» DATA PROVIDED
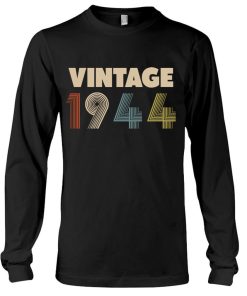 Alternative view of Vintage 1944 Years Old Tshirt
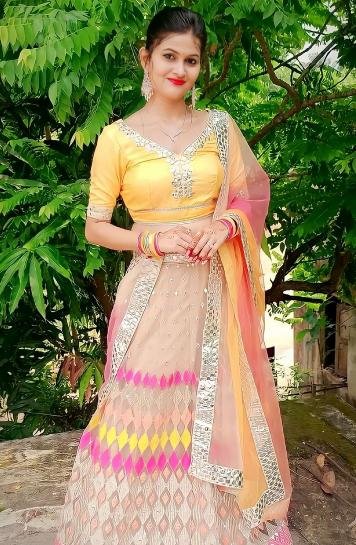 Beautiful Village Girl Selfy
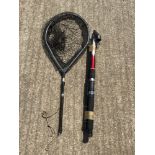 Fishing Rod and Keep Net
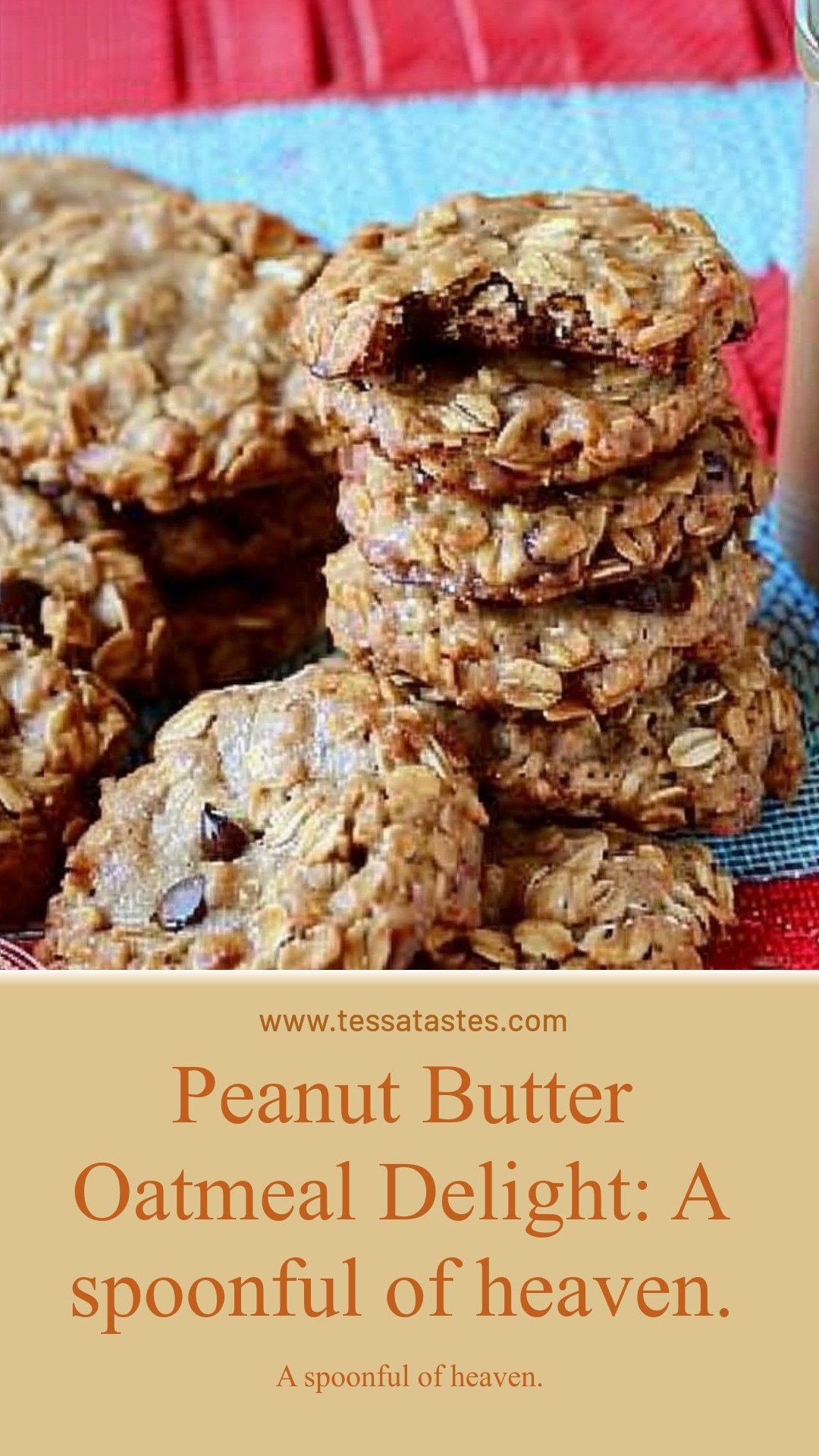 Peanut Butter Oatmeal Delight: A spoonful of heaven.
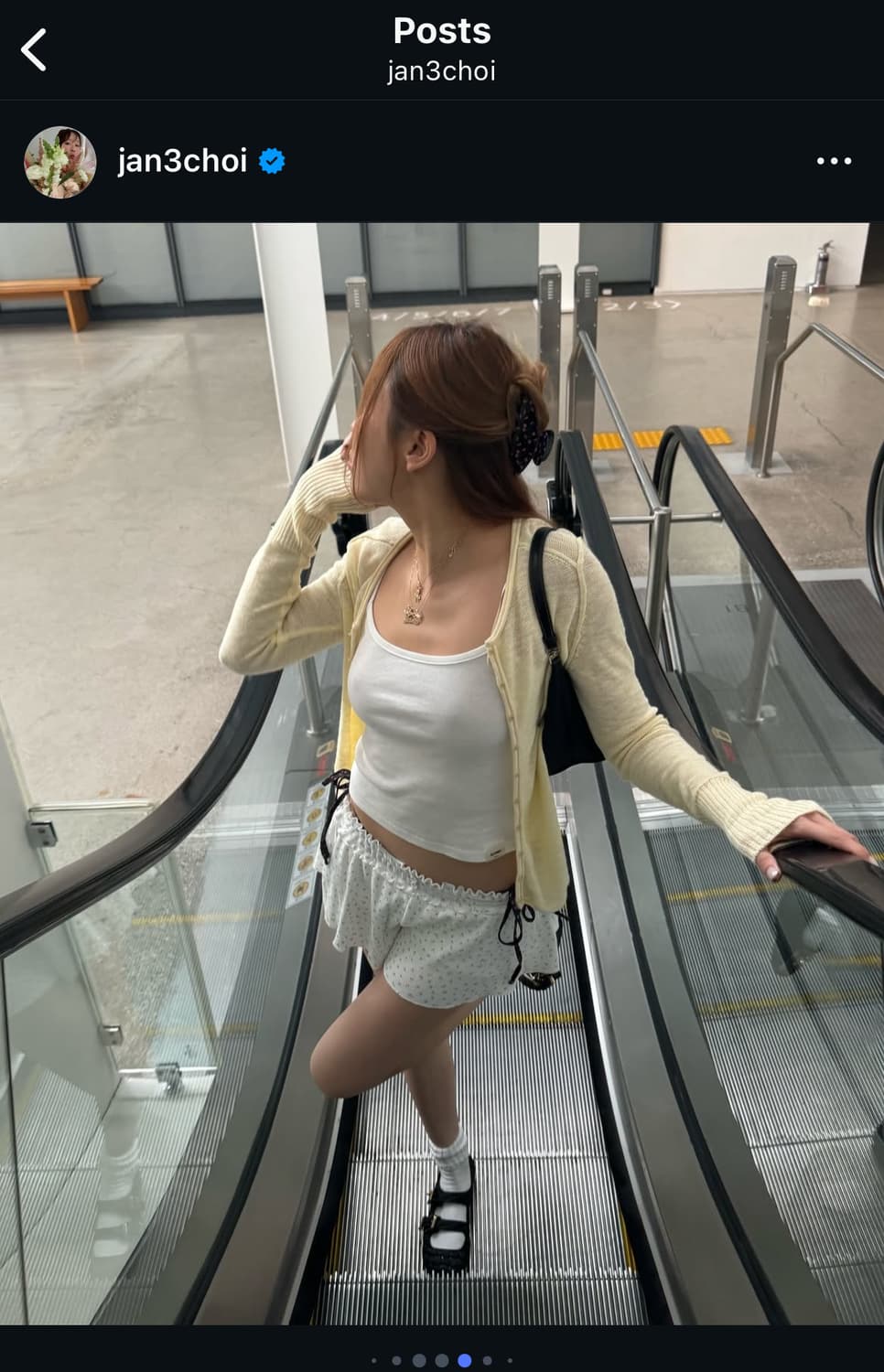 하우스 버튼 가디건 커스타드 (Custard) 상품이미지1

» WORK ITEM
Each line from the one bearing "Beautiful Village Girl Selfy" through the final line of the records is to be copied exactly, and no pictures are to be included.

» SOLUTION TO THIS EXERCISE
 Beautiful Village Girl Selfy
 Fishing Rod and Keep Net
 Peanut Butter Oatmeal Delight: A spoonful of heaven.
 하우스 버튼 가디건 커스타드 (Custard) 상품이미지1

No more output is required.